Raquel Azulay, 10.12.2019: O Gato é um bicho sensato. V Exa bem tentou pôr ordem na educação. Que diferença abismal. Uma vergonha. Um país sem norte-
Manuel AR,  10.12.2019: Um regresso ao passado romântico do ensino clássico com Nuno Crato. Fã do ensino e não da aprendizagem, fã do "magister dixit", fã da absorção de matérias pelos alunos sem espírito crítico. Nuno Crato do ensino da matemática generaliza o seu ideário de professor a todas as unidades curriculares. Hoje o ensino já não é o quer era antes, como o de entra porco e saem chouriços. Meninos de bata branca entram na escola e, no final saem todos em fila e os exames ditavam quem deveria ir para o talho ou para a vida social.
Sima Qian, 10.12.2019: O seu comentário é vago, cheio de preconceitos e de um bipolarismo redutor. Não há ensino separado de aprendizagem. Você não explica como é o ensino de hoje e que ele tem de bom.

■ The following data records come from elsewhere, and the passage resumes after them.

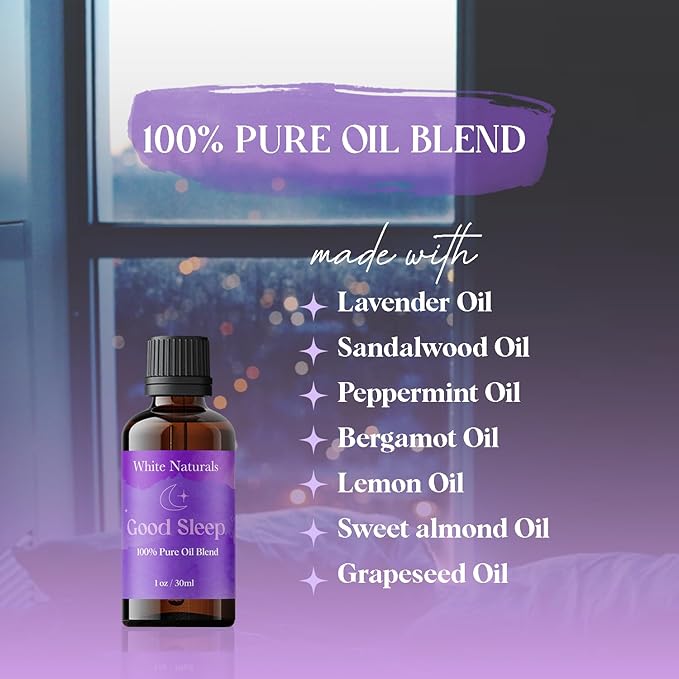 White Naturals Better Night Sleep Essential Oil Blend – Calming Aromatherapy Oil for Restful Nights & Relaxation, 100% Pure & Natural Essential Oils for Peaceful Sleep, 1oz - Bloomnest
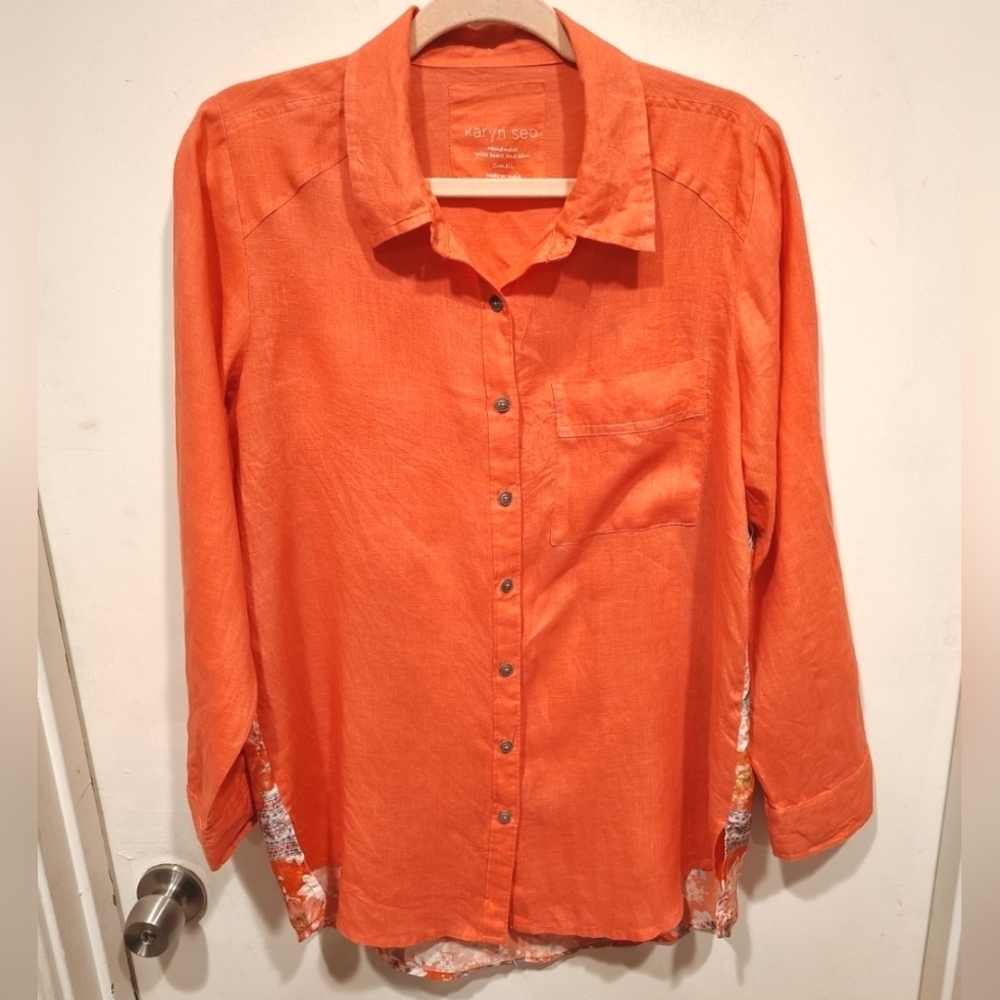 Karyn Seo Coral Linen & Floral Satin Long Sleeve Button Down Shirt Sz S Boho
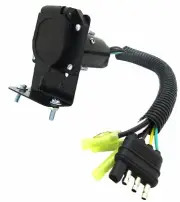 4-Way Flat To 7-Way Round RV Blade Wiring Adapter Plug Car Truck trailer hitch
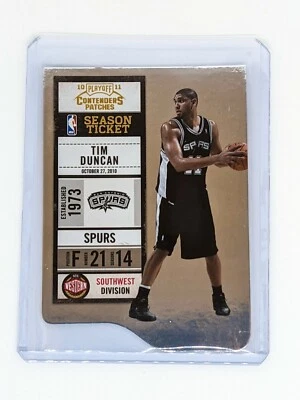 2010-11 Panini Playoff Contenders Patches Gold Die-Cut #44 Tim Duncan /99 Spurs - Image 1 of 2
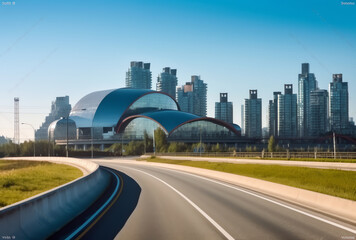 Aufkleber - Generative AI Asphalt road ground and city skyline with bridge building in Suzhou, China.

Raquel Azulay,  10.12.2019: Manuel > tretas. falam do caso finlandês sem o perceber. na Finlandia, a educação a sério começa na creche. em Portugal é outra história, completamente diferente. eu adoro esta do "espirito crítico"...como é que se pode desenvolver o espirito critico sem a possibilidade de avaliar se o aluno compreendeu o que leu, ou seja, sem avaliar de forma rigorosa???
FzD, 10.12.2019:  Para se poder elaborar um juízo crítico fundamentado é necessário saber muito...
Sima Qian, 10.12.2019: FzD acertou na mouche.